The New York Times reports:
Senator Mark Warner of Virginia, the senior Democrat on the Senate Intelligence Committee, said the administration’s decision to exclude his party from a secret briefing on Wednesday about the campaign was “corrosive to our democracy.”
Frustration is growing among Democrats on Capitol Hill as the Trump administration refuses to provide a legal justification for attacking boats in the Caribbean and the Pacific. The U.S. military strikes have killed at least 61 people since early September.
Visibly agitated, Mr. Warner said that the Republicans-only meeting was a violation of a law requiring bipartisan briefings of congressional leaders on national security matters. …
On other side of the Capitol, military legal experts had been scheduled to testify in a closed-door bipartisan briefing for the House. But the Trump administration decided not to send them. …
Representative Sara Jacobs, Democrat of California… said Pentagon officials said they needed to prove only that the targeted people were connected to designated terrorist organizations, even if the connection is “as much as three hops away from a known member” of a designated terrorist organization.

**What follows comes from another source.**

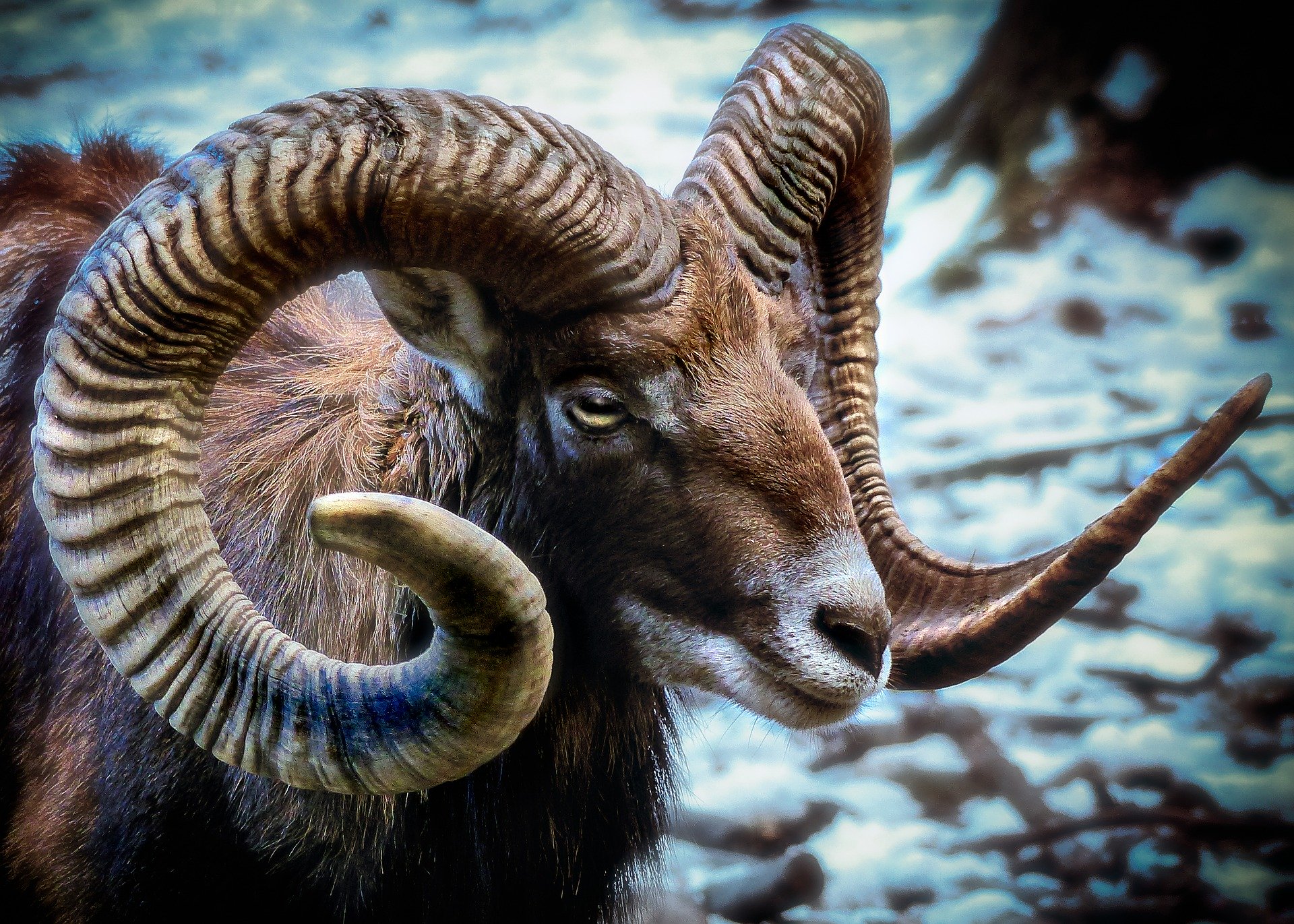 Mammal Mouflon Sheep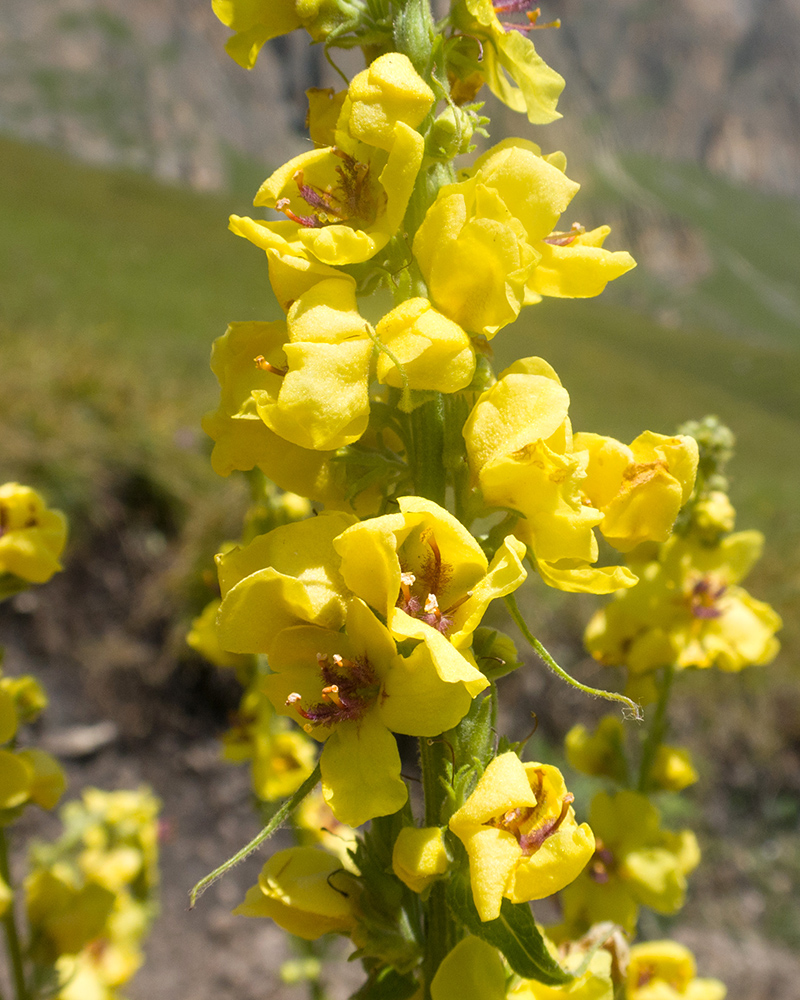 Image of Verbascum laxum specimen.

If they are targeting people with three degrees of separation from known gangs, that almost certainly includes completely innocent people. But the most dangerous part is that Trump is refusing to share information about this with Congress, giving briefings only to Republicans and imposing non-disclosure agreements on military officers to restrict the flow of information to elected officials.
To be sure, Republicans in Congress are cooperating in their own irrelevance. On Oct. 16, the admiral overseeing this campaign in the Caribbean suddenly announced that he was resigning. No one knows why he resigned, leading to speculation that he did not want to be liable for war crimes—and Republicans have refused to ask him to testify before Congress.
In short, the Donald Trump is ordering people to be killed, nobody knows who or why—and Congress seems to be helpless to discover this information.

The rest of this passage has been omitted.